What I Loved: There are so many great things to love in this book. So let’s talk about a few of those, shall we? The plot is really original and ties together a number of intriguing topics that often go hand-in-hand. Conspiracy theories, aliens, the possibility that our government is hiding things from the people. I really like conspiracy theories, so this was a perfect read for me. Characters were really well-developed and diverse as well. I liked the parallels between the relationships of Reese/Amber and Reese/David. Most GLBT characters are either straight up gay or straight up lesbian, so it was refreshing to read about a character who is bisexual. Especially the ease with which her sexuality was accepted by everyone, including her. It played a role, but was a non-issue, which was great. Finally, this novel is such a great example of science fiction worth reading. Original, fun, and potentially realistic.

What I Didn’t Love: Okay, I’ve actually been thinking about this for the past 5 minutes or so, and I can’t really think of anything I didn’t like. The first half of the book I read rather slowly, but that was due to me being busy and that sort of thing.
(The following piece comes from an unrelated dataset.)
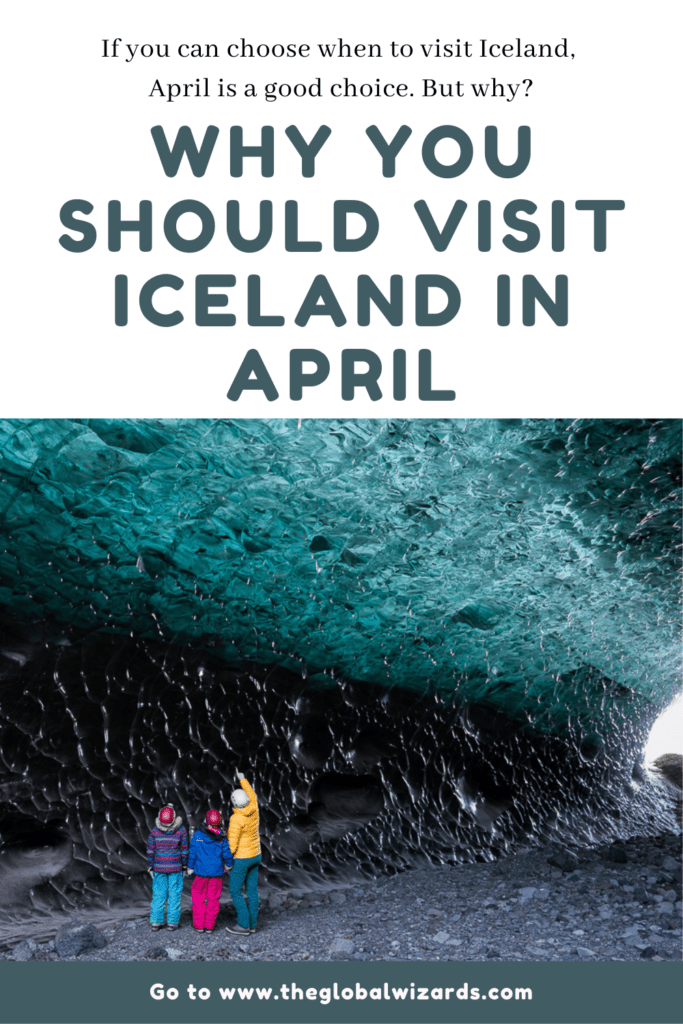 Wat kan je doen in Ijsland in April? Het weer, de temperaturen, staat van de weg.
Final Thoughts: I really enjoyed this book. I’ve read Malinda Lo’s other books, Ash and Huntress, and really loved those as well. She writes really well, and Adaptation is no exception. It’s a great sci-fi with amazing characters, an intriguing love triangle, and shockingly realistic writing about conspiracy theories and hidden government agendas. You can tell plenty of research went into this book. I would definitely recommend this for believers in conspiracy theories, sci-fi fans, and readers who want to see more GLBT characters in novels.